I think you're missing the main point. CUP is an LALR(1) parser, and there's a CUP grammar for the Java language (including generics support) on that site. That means there's an LALR(1) grammar for generics there.
You missed my point. I looked at CUP, and it is a CONTEXT-SENSITIVE LALR grammar. I am interested in a CONTEXT-FREE LALR grammar.
In CUP, Scott invented the terminal PLT, a LT with lookahead for differentiating whether "(a<b" starts an expression (as in "(a<b)") or a cast to parameterized type (as in "(a<b>)o"). Yes, I could do that with my parser (and in the end I will probably have to, since no one else has come up with a better solution), but it is context sensitive - it requires the lexer to do lookahead!
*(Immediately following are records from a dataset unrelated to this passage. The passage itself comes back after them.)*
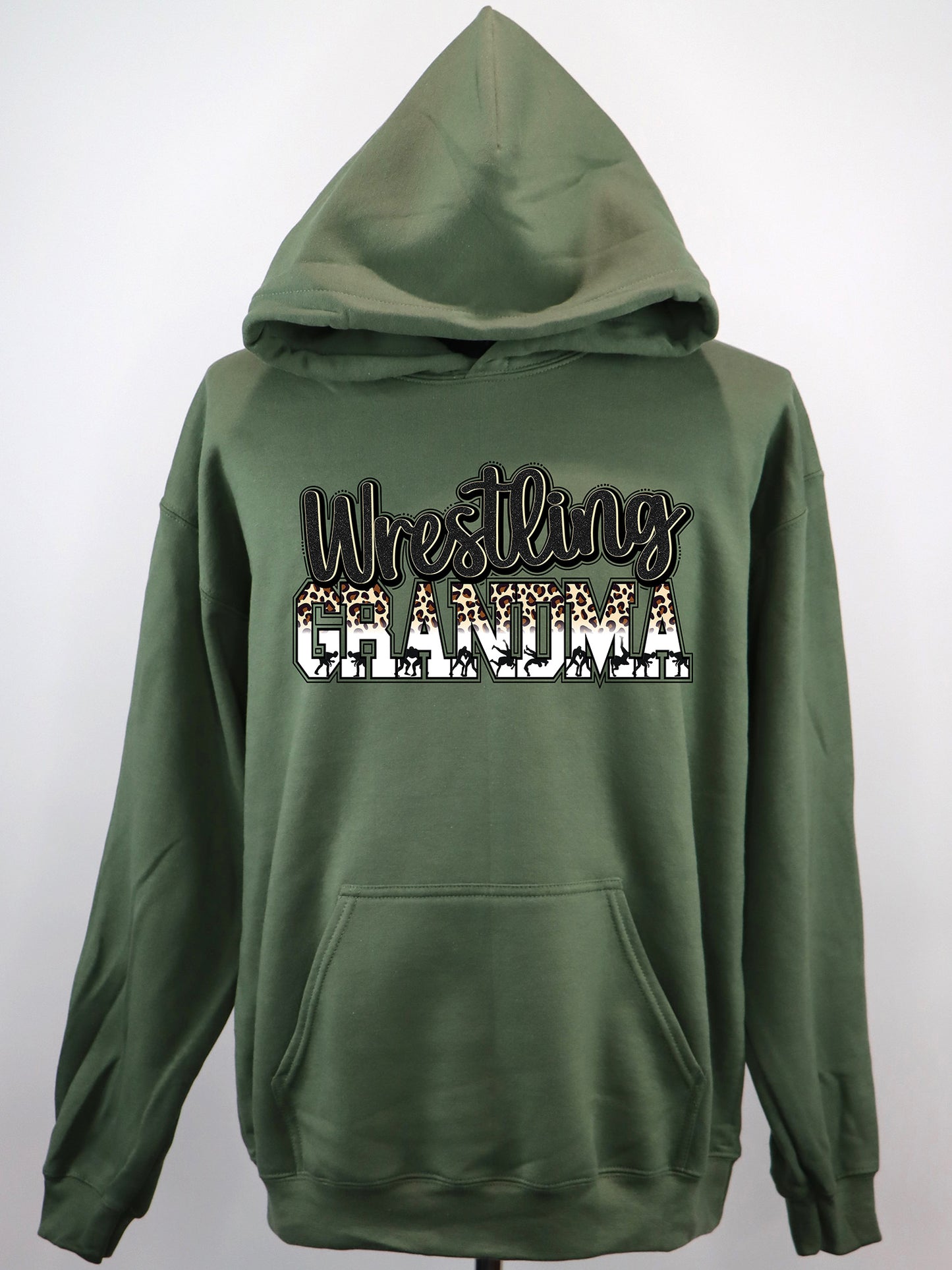 Wrestling Grandma Leopard HOODIE- Multiple Colors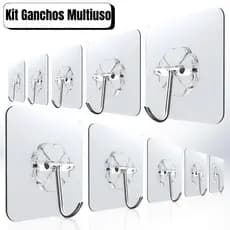 KIT Até 20 Kit Ganchos Adesivos Transparentes Multiuso Doméstico – Suporte Forte para Parede, Cozinha e Banheiro Casa ar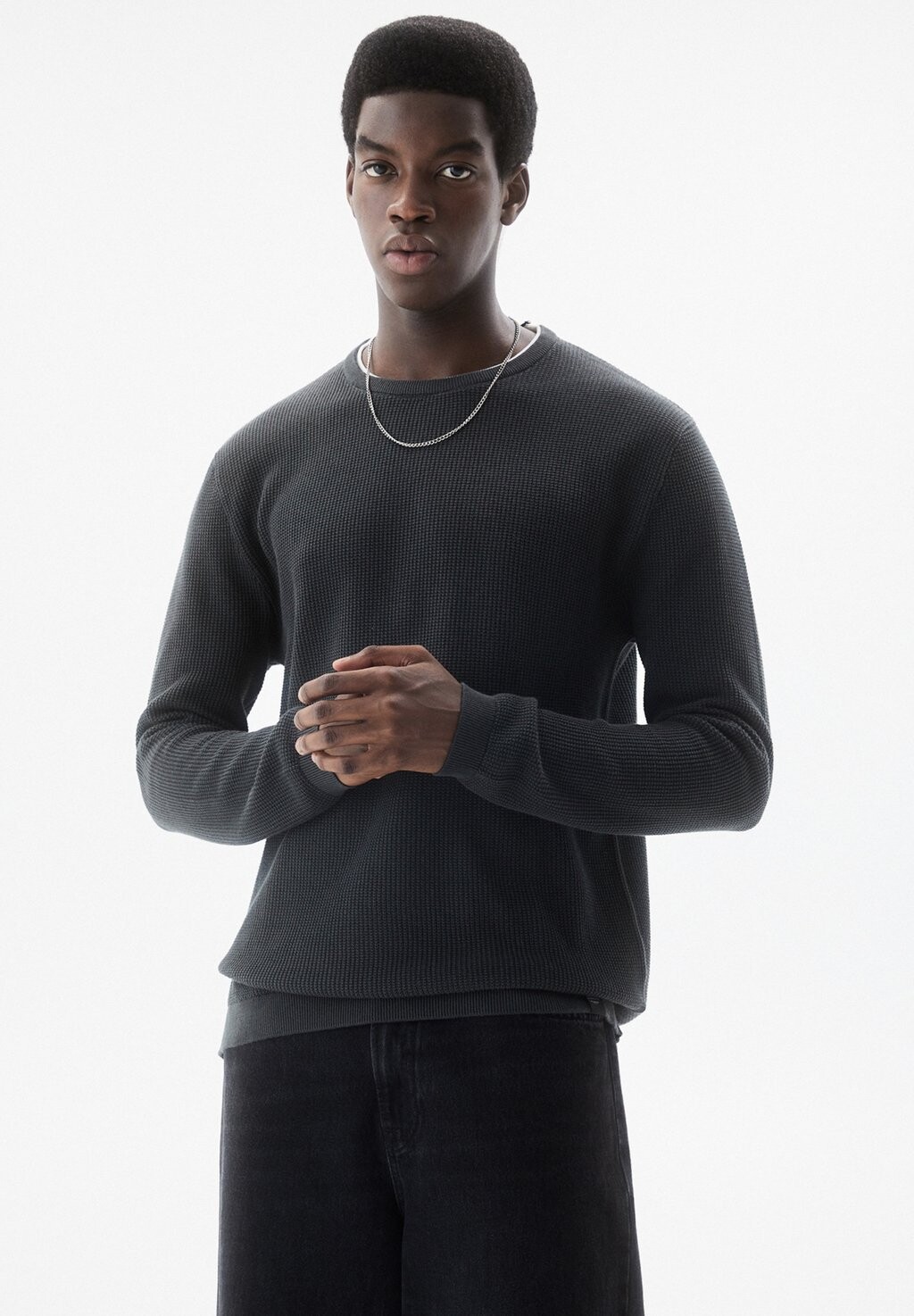 

Свитер PULL&BEAR, сине-серый
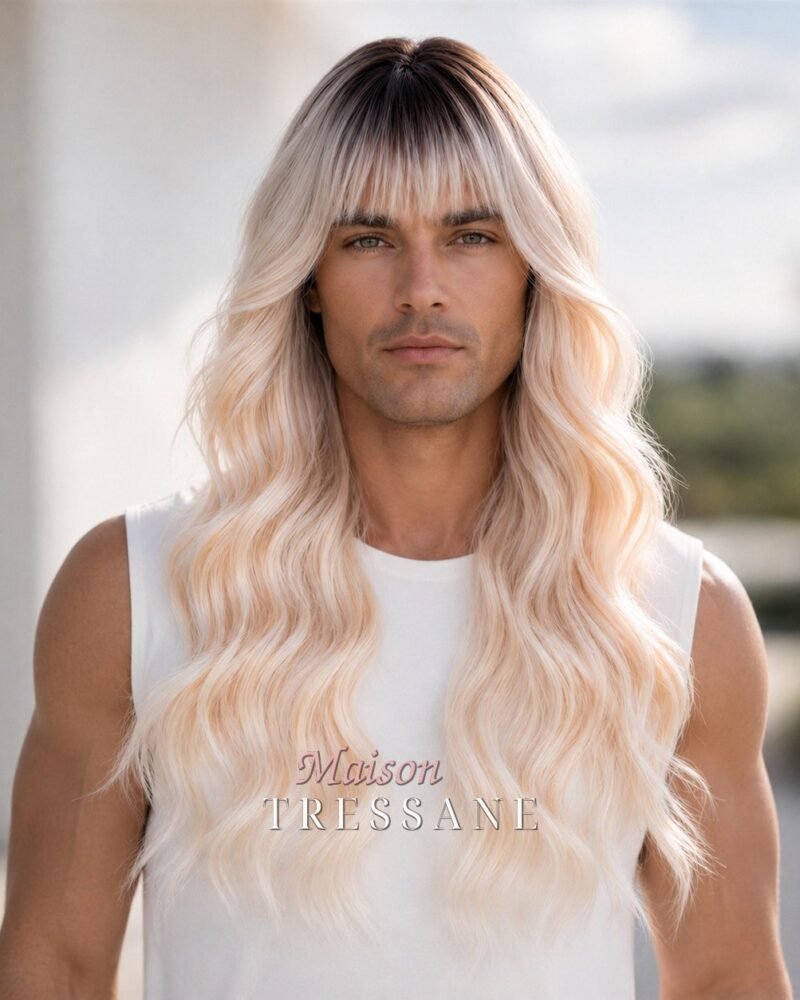 Perruque 65 cm — blond ombré ondulée — bonnet réglable 53-60 cm — 280 g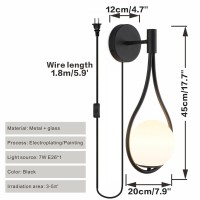 Kco Lighting Mid-Century Wall Sconce With On/Off Switch Industrial Wall Lamps Drop Design Wall Mounted Lamps For Bedside Living Room (Black Plug 1 Pack)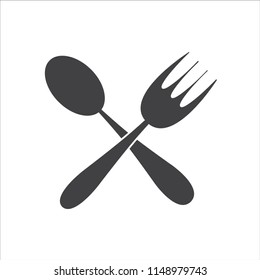 Spoon fork icon vector on white background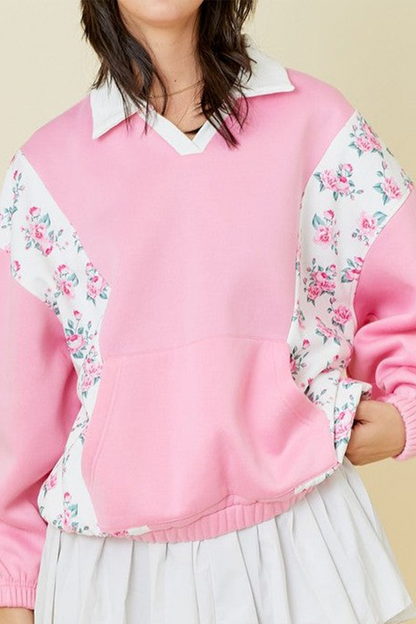 Casual Flowers Pocket Patchwork Contrast Turndown Collar Sweats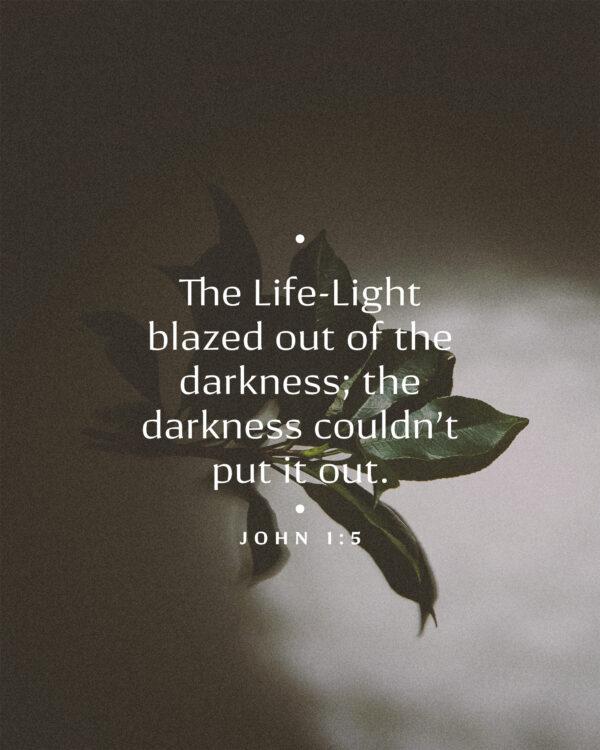 The Life-Light blazed out of the darkness; the darkness couldn’t put it out. – John 1:5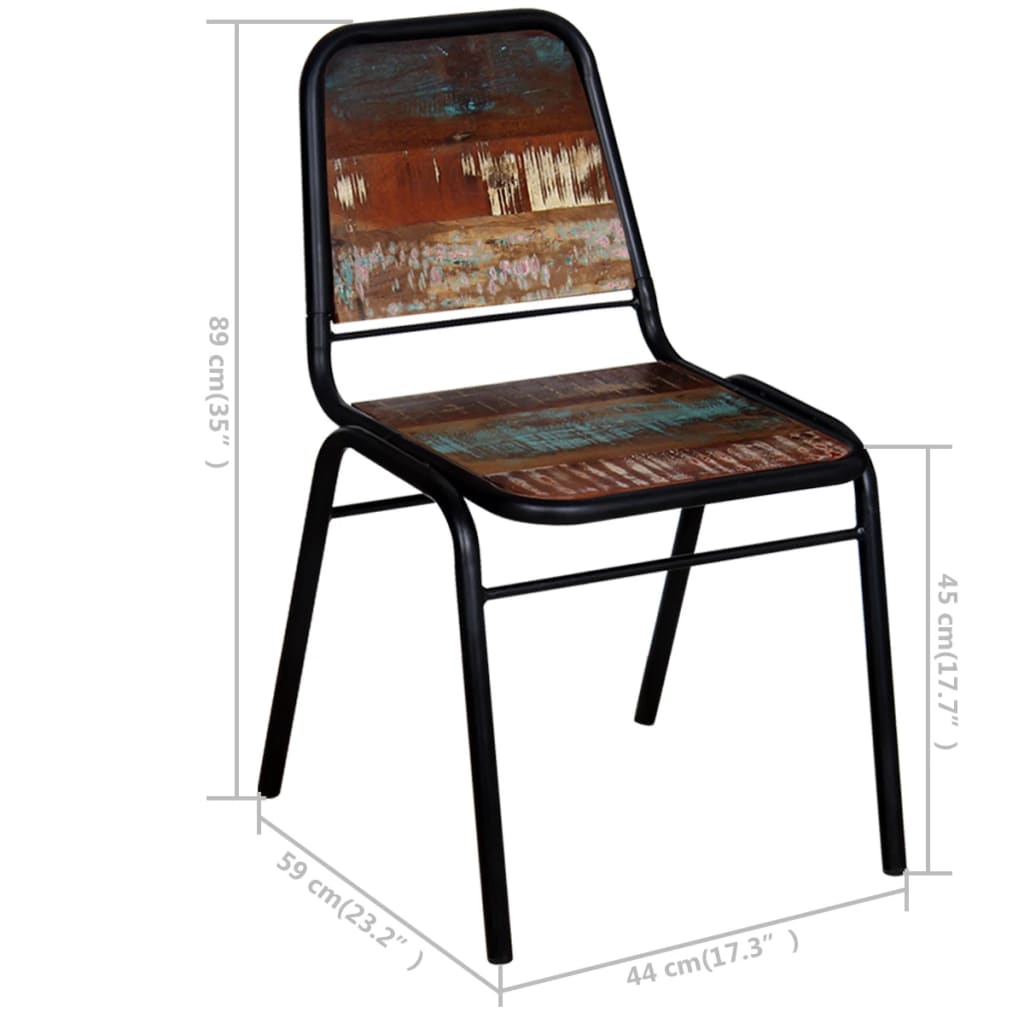 Chaises à manger lot de 6 bois de récupération solide Chaises de cuisine vidaXL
I have FINALLY managed to write an LALR(1) grammar for generics, with NO LOOKAHEAD in the lexer. The solution for casts to parameterized types is rather ugly, but it works. If you are interested in seeing the grammar, it is in the CVS repository of jikes, under the generics-branch tag, in the file src/java.g: http://www-124.ibm.com/developerworks/oss/cvs/jikes/~checkout~/jikes/src/java.g?rev=1.31.2.17&content-type=text/plain
I hope to translate that grammar to CUP, and inform Scott Ananian of my success, in the next few days.
Just a quick note to this forum that I've updated my CUP grammar to fix the deficiencies Eric noted. It is still available from
http://www.cs.princeton.edu/~appel/modern/java/CUP/
and linked to from
http://cag.lcs.mit.edu/~cananian/Projects/GJ/
Thanks for the bug reports, Eric!
My grammar still uses the "smart lexer" look-ahead feature, but I've looked over Eric's work and it appears quite clever.
the rules I had to fix so far. This grammar still
does not allow (a<b>)o (as I stated earlier, this is
highly ambiguous), nor does it allow a<b>.class (but
the public draft did not mention this as being legal,
and I think it would return the erased type anyway, so
the user should have just used a.class).